Worried that the new government might amend the foreign direct investment policy especially in retail, Commerce and Industry Minister Anand Sharma has prepared a ‘handover note’ advising his successor to ensure ‘stability’ of the FDI rules.
Sharma proposes to pass on the ‘handover note’ to his successor, which as per the poll projections is likely to be from Bharatiya Janata Party-led National Democratic Alliance.
The note assumes significance as the BJP is against allowing foreign direct investment in multi-brand retail, a proposal which was pursued by the Congress-led United Progressive Alliance government.
The note has also underlined the need for carrying forward the trade normalisation roadmap with Pakistan.
An official said that Sharma is following this step in tradition with India's first prime minister Jawahar Lal Nehru to brief the incumbent minister himself about the ministry.
"The note mainly highlights the challenges and the new initiatives of the ministry," the official added.
The note also talks about free trade agreements, widening trade deficit with China, challenges being faced by Indian exporters and developments at the World Trade Organization.
About FDI, the note said that in the last five years, India has pursued a liberalised FDI policy and opened up crucial sectors of economy like aviation, retail and telecom.
"It is imperative for me to underscore that foreign investors need a reassurance on the stability and predictability of foreign investment regime in India.
This would not only be in India's national interest but it has been a healthy tradition of our democracy.
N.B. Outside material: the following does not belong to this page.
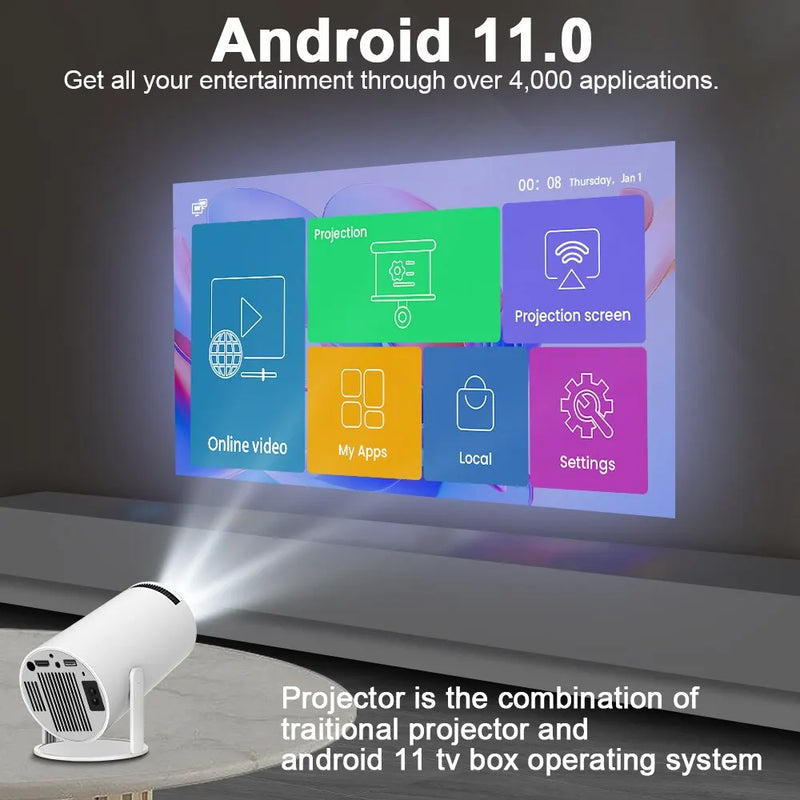 Projetor Magcubic 4K Android 11, 1080P, 1280x720p Tenha um Cinema em casa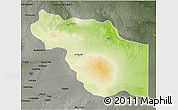 Physical 3D Map of Al Jufrah, darken, semi-desaturated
"I hope that you will retain a liberal economic outlook and view FDI as a source not only of precious foreign exchange but of technology, investment and jobs," it added.
On trade relations with Pakistan, Sharma has said that normalisation of economic relations with Pakistan lies at the heart of a peaceful South Asia.
With regards to the free trade agreements, he said the new government should proceed with ‘great prudence’ recognising the concerns of domestic industry.
The industry has raised concerns over FTAs that such pacts are impacting domestic manufacturing sector.
"Negotiations have commenced for a Regional Comprehensive Economic Partnership which will have in its embrace 10 countries of ASEAN, India, Japan, Korea, China, Australia and New Zealand . . . But we would need to be cautious in our negotiating strategy especially given our larger trade deficit with China," the note said.
Pointing out challenges, he has said that India needs to address the growing trade deficit with China and creating competitive environment for exporters.
On WTO, the note says the post-Bali work programme would require close coordination with India's coalition partners.